2. The shell calls fork(), which creates a new process. But it's stll running the shell! The parent shell now just calls wait(). The new process has its own virtual-memory space, and process-scheduler entry

3. The child shell opens file1 for reading. It gets file descriptor number 3. It also opens file2 for writing. This gets file descriptor number 4.

4. The child shell closes stdin, and then calls dup(3), which duplicates file descriptor 3 to the lowest available file descriptor, which at this point is 0, or stdin. So now stdin will come from file1. Newer Unix systems call dup(3,0), which makes it clearer that FD 3 is being duplicated to FD 0.

5. Similarly, the child shell closes stdout and calls dup(4) (or dup(4,1)). The stdout file descriptor, 1, now refers to file2.

6. File descriptors 3 and 4 are closed; they are no longer needed.
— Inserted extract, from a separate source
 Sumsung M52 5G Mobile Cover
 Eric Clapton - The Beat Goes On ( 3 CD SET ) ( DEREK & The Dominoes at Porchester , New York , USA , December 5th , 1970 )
7. Finally, the child shell calls exec("foo") (or perhaps looks up the full path name for command foo in PATH). Exec uses the same process virtual memory, but maps in a different executable file to run. But the file descriptors are unchanged. So when foo starts to run, its stdin has already been connected to file1 and its stdout to file2.

The fork/exec model is used exclusively in Unix systems to start new processes. It contains a significant inefficiency: when we fork the shell, we create a copy of the entire shell program in the new process, only to use almost none of it before we call exec soon after, wiping out the newly made copy. This is indeed an issue, but one we just live with. Most of the overhead can be eliminated by using virtual memory tricks.

The way that virtual memory works is that physical memory is divided into 4K-sized chunks. These are then mapped in hardware to virtual addresses. The executable code deals only with virtual addresses. Translation from virtual to physical addresses is done on every memory fetch and memory write.

The executable /bin/bash is mapped into memory, and we just copy this virtual-memory map. The executable code doesn't get written to, so this is safe. As for the data segment f /bin/bash (and its stack segment), those get copied as virtual--memory blocks too, but with the copy-on-write flag set. So if the child shell modifies a block of data virtual memory, that memory block is reallocated and copied. Now the child shell has its own copy, and can modify it freely.